Fenofibric Acid Capsules

Dosage Forms And Strengths

• 45 mg capsules with a reddish-brown cap imprinted in white ink the “a” logo and a yellow body imprinted in black ink the number “45”.
• 135 mg capsules with a blue cap imprinted in white ink the “a” logo and a yellow body imprinted in black ink the number “135”.

Storage And Handling

Trilipix (fenofibric acid) delayed release capsules 45 mg have a reddish-brown cap imprinted in white ink the “a” logo and a yellow body imprinted in black ink the number “45”.

Bottles of 90 (NDC 0074-9642-90).

Trilipix (fenofibric acid) delayed release capsules 135 mg have a blue cap imprinted in white ink the “a” logo and a yellow body imprinted in black ink the number “135”.

Bottles of 90 (NDC 0074-9189-90).

Store at 25°C (77°F); excursions permitted to 15°-30°C (59° to 86°F) [See USP controlled room temperature]. Keep out of the reach of children.

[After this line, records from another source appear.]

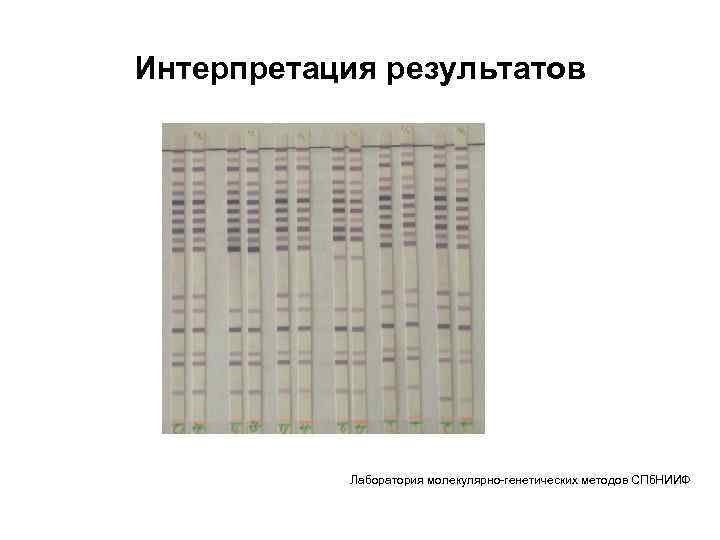 Интерпретация результатов Лаборатория молекулярно-генетических методов СПб. НИИФ 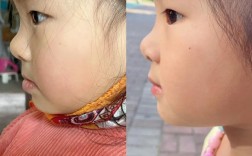 矫正地包天图片能真实展示矫正效果吗？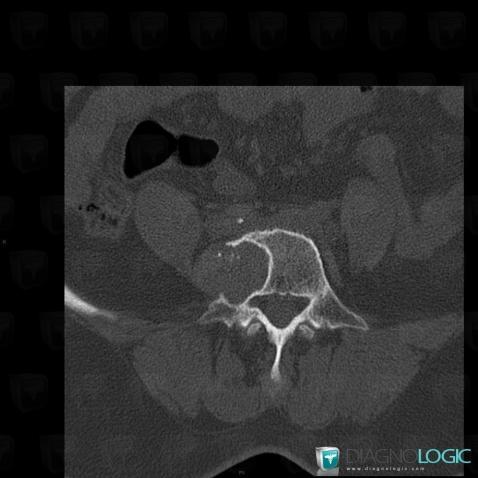 Chondrosarcoma, Vertebral body / Disk, CT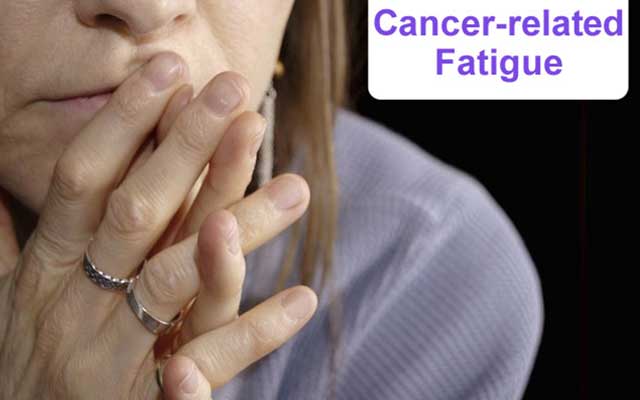 Cancer-related Fatigue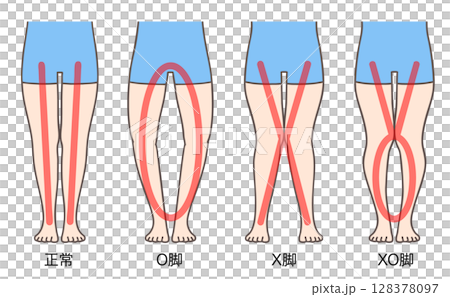 正常な脚、O脚、X脚、XO脚、女性の下肢 128378097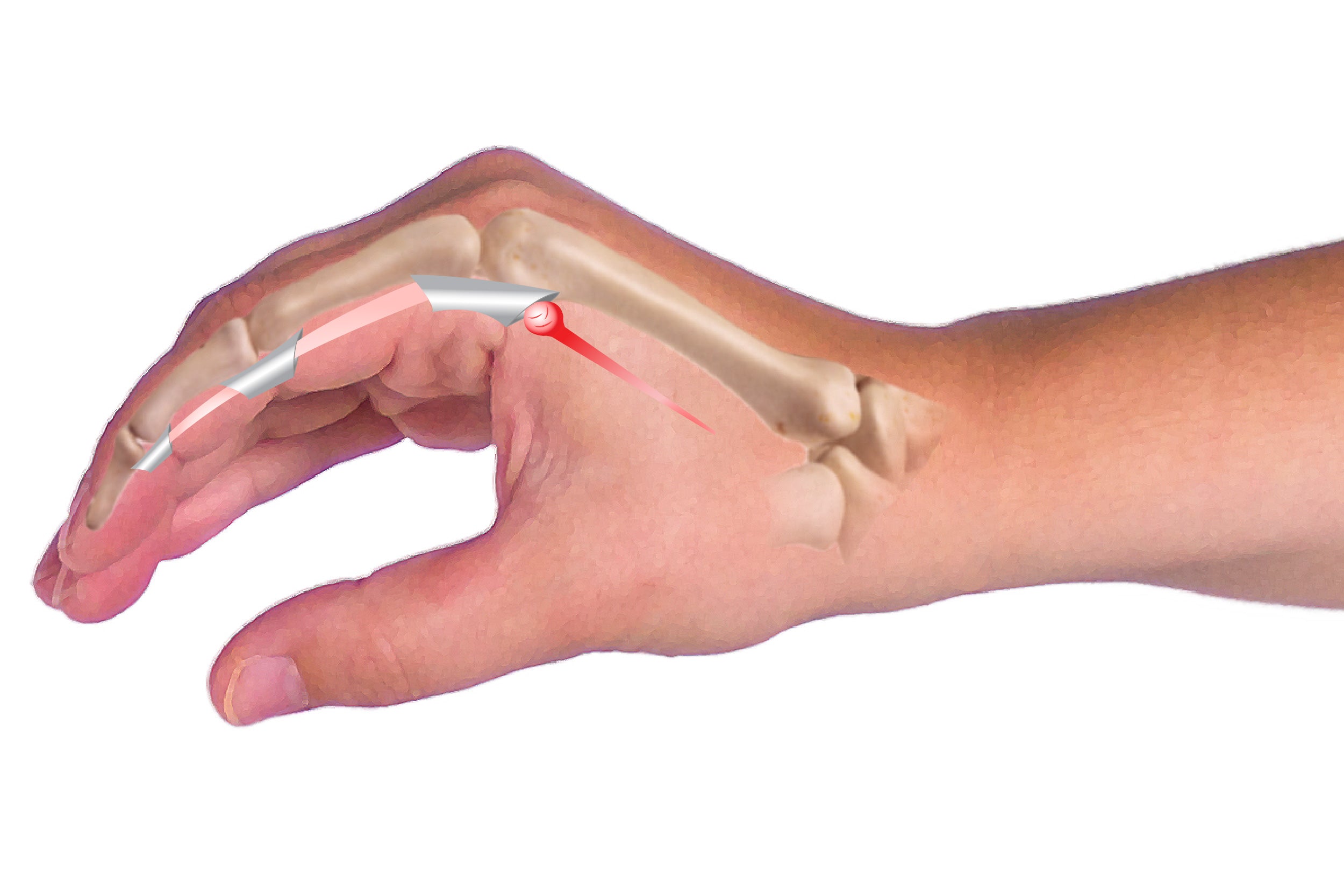 Trigger finger is caused by a tendon being pinched and causing your finger to stay pointed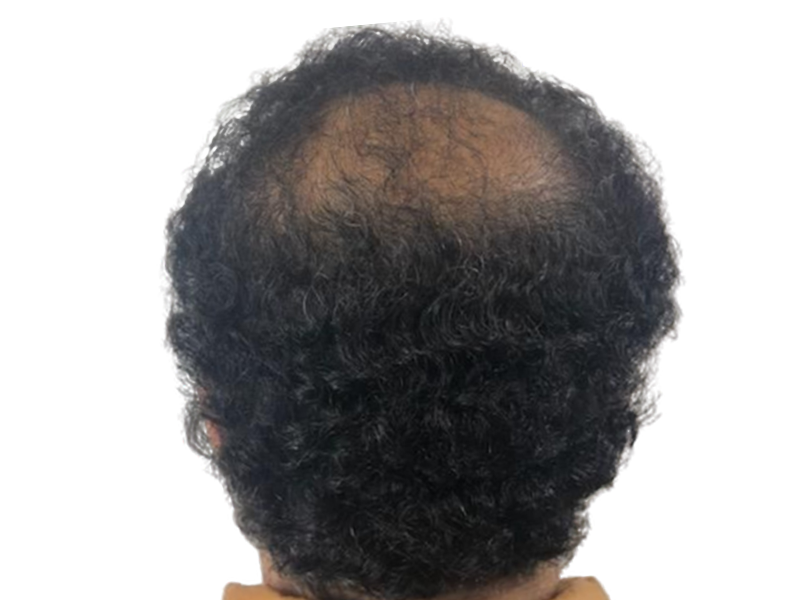Thinning hair on crown. Potential hair restoration candidate. Before hair transplant. Dark, curly hair. Scalp visible.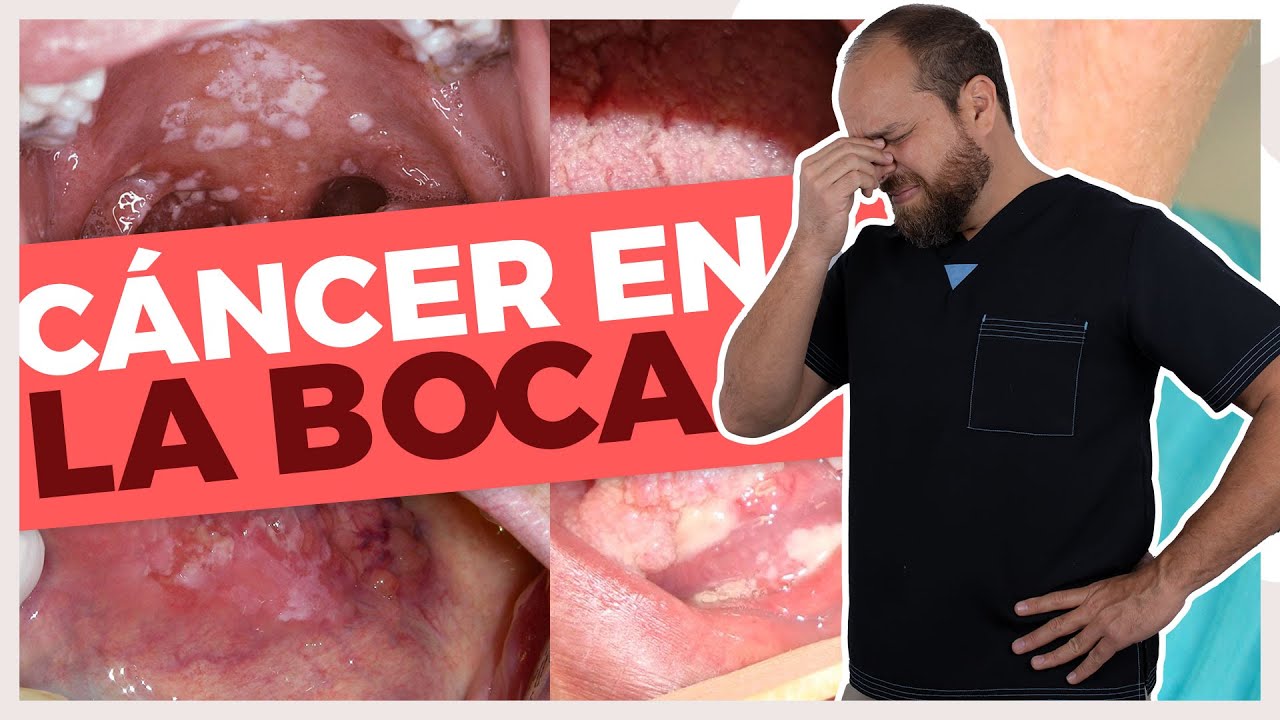 Watch CANCER en la BOCA 😔 ¿Por qué DA / ¿Cómo RECONOCERLO 🚨 Now CANCER en la BOCA 😔 ¿Por qué DA / ¿Cómo RECONOCERLO 🚨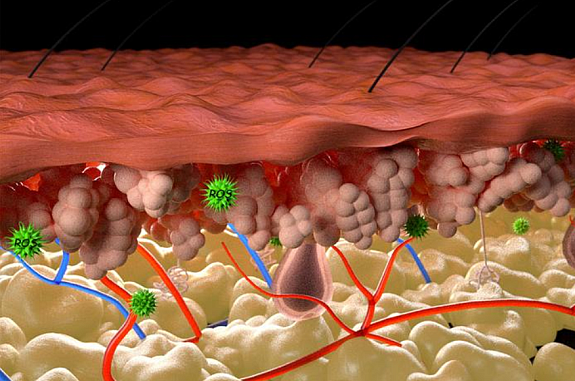 Illustration of inflamed skin shows layers affected by reactive oxygen species.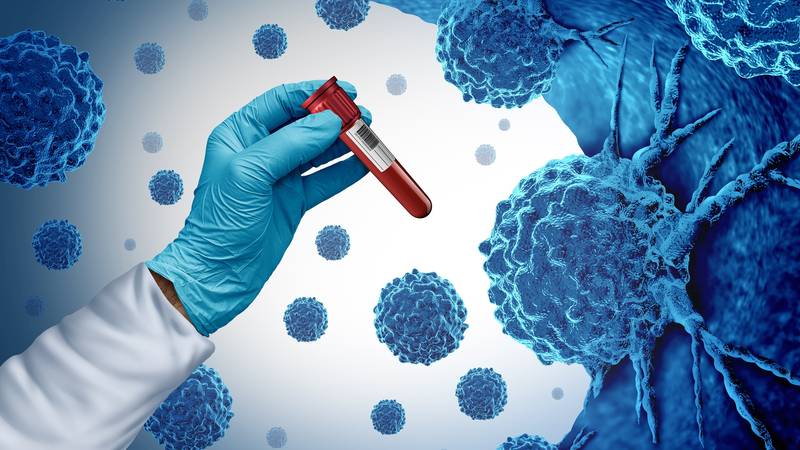 Novi test može otkriti rak i do 3 godine prije pojave simptoma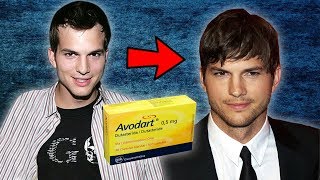 Ashton Kutcher Used Dutasteride For 10 Years To Keep His Hair [upl. by Nylrehs]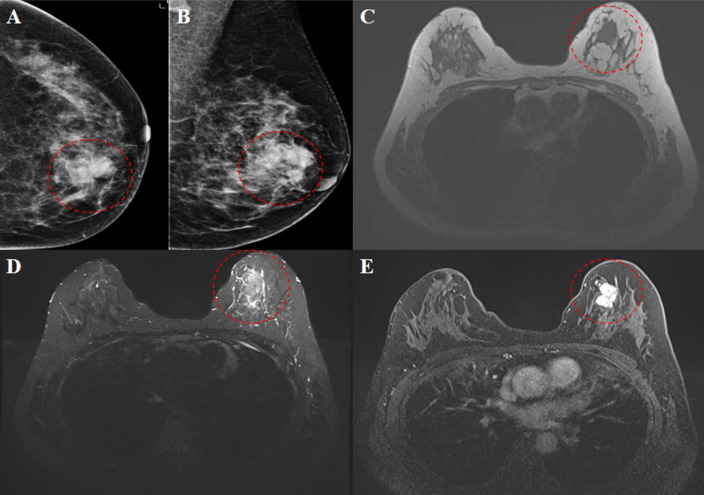 Figure 2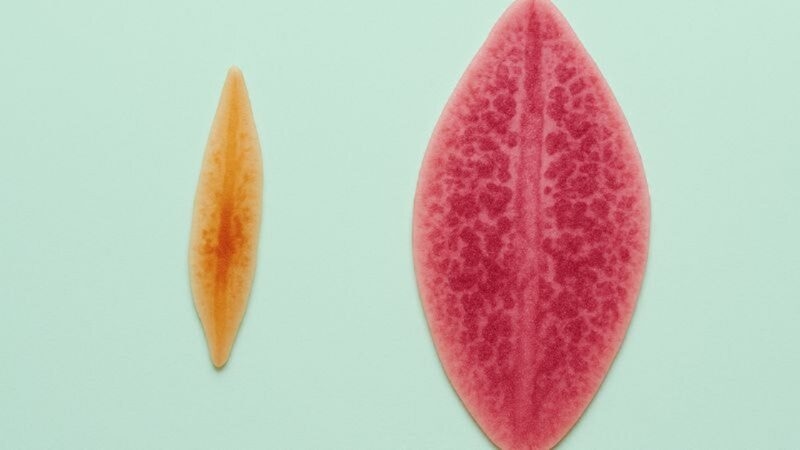 triệu chứng sán lá gan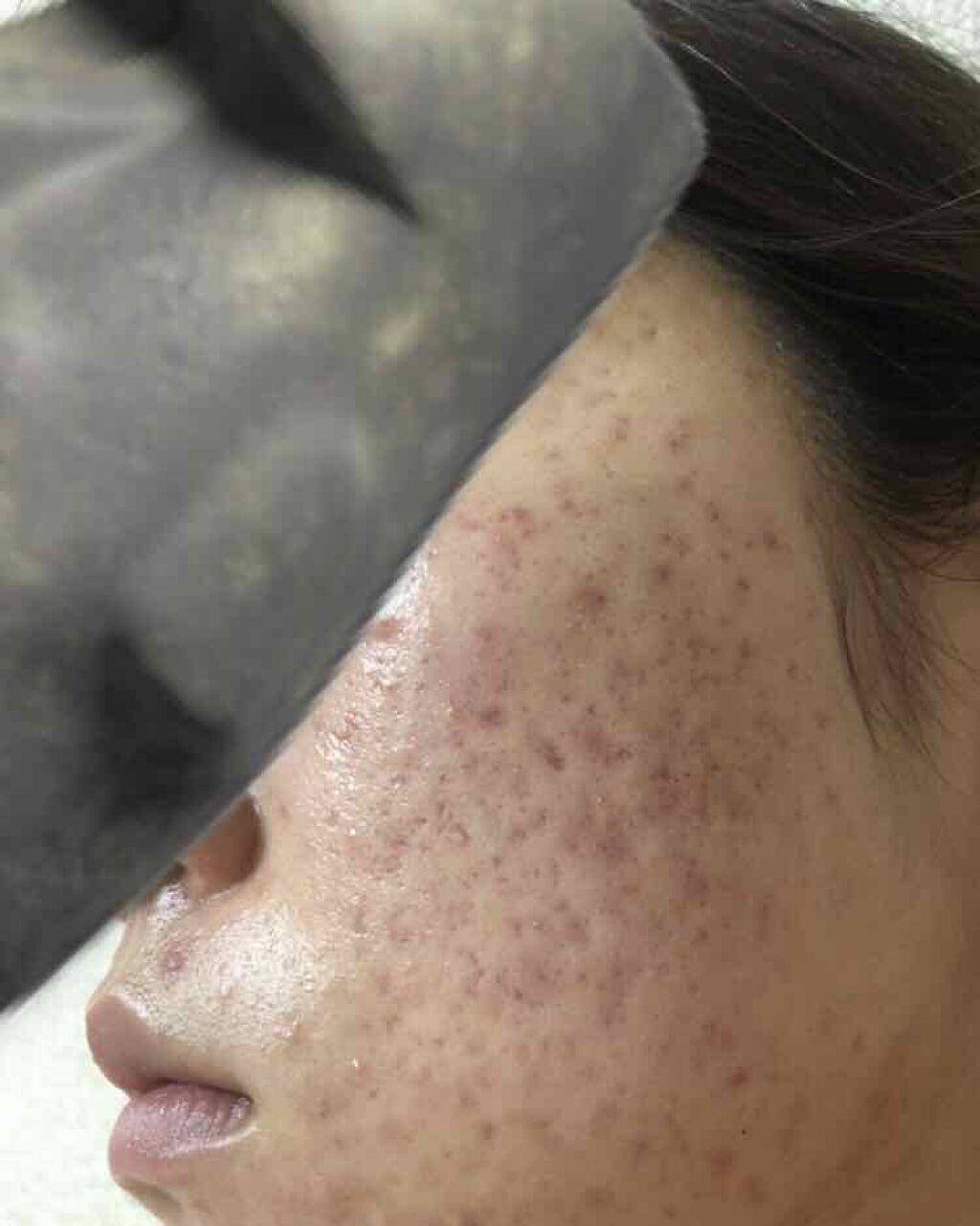 サンシビオ エイチツーオー D/ビオデルマ/クレンジングウォーターを使ったクチコミ（2枚目）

Protect from moisture.

Manufactured for AbbVie Inc., North Chicago, IL 60064, U.S.A. by Fournier Laboratories Ireland Limited, Anngrove, Carrigtwohill Co. Cork, Ireland, or AbbVie LTD, Barceloneta, PR 00617. Revised: April 2015

Clinical Trials Experience

Because clinical studies are conducted under widely varying conditions, adverse reaction rates observed in the clinical studies of a drug cannot be directly compared to rates in the clinical studies of another drug and may not reflect the rates observed in practice.

Fenofibric acid is the active metabolite of fenofibrate. Adverse events reported by 2% or more of patients treated with fenofibrate and greater than placebo during double-blind, placebocontrolled trials are listed in Table 1. Adverse events led to discontinuation of treatment in 5.0% of patients treated with fenofibrate and in 3.0% treated with placebo. Increases in liver tests were the most frequent events, causing discontinuation of fenofibrate treatment in 1.6% of patients in double-blind trials.

Table 1: Adverse Events Reported by 2% or More of Patients Treated with Fenofibrate and Greater than Placebo During the Double-Blind, Placebo-Controlled Trials

Clinical trials with Trilipix did not include a placebo-control arm. However, the adverse event profile of Trilipix was generally consistent with that of fenofibrate. The following adverse events not listed above were reported in ≥ 3% of patients taking Trilipix alone:

Gastrointestinal Disorders: Diarrhea, dyspepsia

General Disorders and Administration Site Conditions: Pain

Infections and Infestations: Nasopharyngitis, sinusitis, upper respiratory tract infection

Musculoskeletal and Connective Tissue Disorders: Arthralgia, myalgia, pain in extremity

Nervous System Disorders: Dizzinesss

Postmarketing Experience

The following adverse events have been identified during postapproval use of fenofibrate: rhabdomyolysis, pancreatitis, renal failure, muscle spasms, acute renal failure, hepatitis, cirrhosis, anemia, asthenia, and severely depressed HDL-cholesterol levels.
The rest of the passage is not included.